Feral Sunar // Allianz Türkiye -  Agile Coach

Like everything else, our ideas and prejudices about agility are changing. Since we switched to the agile working model, the reservations in our minds have also transformed with us. Let's realize the change in ourselves together.

In my article titled “Biases Related to Agility”, which I wrote nearly two years ago, I said, “The agile working model may create some reservations at first glance due to the change which it proposes. But these reservations should not prevent you from taking the first step. Let's eliminate prejudices together,” I said. There was something I hadn't taken into account: the possibility that prejudices and judgments might change over time. When I looked at today, I thought it was time to say something new about what I wrote that day, and now I'm here with a continuation article.

In that article, I wrote about the six prejudices that I have been mostly hearing from the teams about agility:  

"Agility doesn't work for us or agility doesn't work for our team; our jobs are different. This is a cultural business; We started agile working, but nothing much has changed in our life; but we are already working agile. Dailies are very mechanical; hierarchy does not leave our lives so easily.”

These were the reservations that came to my ears the most or that I encountered the most often as the agile transformations of the teams continued. I have witnessed up close that these expressions, which are also a form of defense against the unknown, disappear one by one as I experience agile transformation. As the time spent by the teams in agile working increased, I also observed that some patterns took their place this time.

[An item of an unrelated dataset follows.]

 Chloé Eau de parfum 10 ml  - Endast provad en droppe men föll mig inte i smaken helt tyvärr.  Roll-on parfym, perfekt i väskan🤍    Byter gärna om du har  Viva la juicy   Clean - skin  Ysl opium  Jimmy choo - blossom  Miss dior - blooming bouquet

Below are some of the phrases that remain in my mind from the agile teams we work with, and what I have to say about them.

"Agile coaches facilitate retrospectives”

True. As agile coaches, we are facilitating the retrospective ritual in agile teams. But this does not mean that the team can never do a retrospective without an agile coach. In fact, teams should be able to take and plan their own actions in any situation. 

“There are 2 people left in the team today; let's cancel the daily”

To reduce complexity, the Daily is described in the Scrum Guide as “a 15-minute ritual performed at the same place and the same time every working day of the sprint”. Since there is not any restriction about the number of people, being/staying two people is not a very valid reason to cancel the daily. In order for two people to be able to provide information to each other, the dailies should continue.

“We don't need to do daily at a non-meeting time”

If daily was a meeting, I would give you the right. After all, not every meeting is a meeting either... We don't call this ritual, which lasts no more than 15 minutes, and sometimes we update each other on foot, a meeting anyway; we define it as “coming together for sharing”. It is critical to maintain the rhythm of this team meeting, which increases the level of internal-team communication and information sharing, and allows the rapid detection of possible obstacles.

“There is no time left for retro; should we postpone it until after tomorrow's planning ritual?”

Every sprint is a work cycle, and this cycle is a meeting where the process is evaluated, development areas are discussed, and the team comes out with at least one action. Therefore, it is a better approach to perform a retro session of the sprint that closes before the planning ritual of the new sprint.

“This job is critical; let's do this first”

One of the critical success points in the agile working model is to create a structure of thought that is free from hierarchy. Because new ideas come out more easily in working environments where everyone can share their ideas freely. One of the important supporters in creating such an environment is to adapt our language to this situation. So, “This job is critical when we think about the Squad's goals; let's prioritize it” seems to be a statement that supports the hierarchy-free thinking structure much more.

There are certainly others similar to these, but don't worry, the explanations for all of them and more are in your Agile Coaches.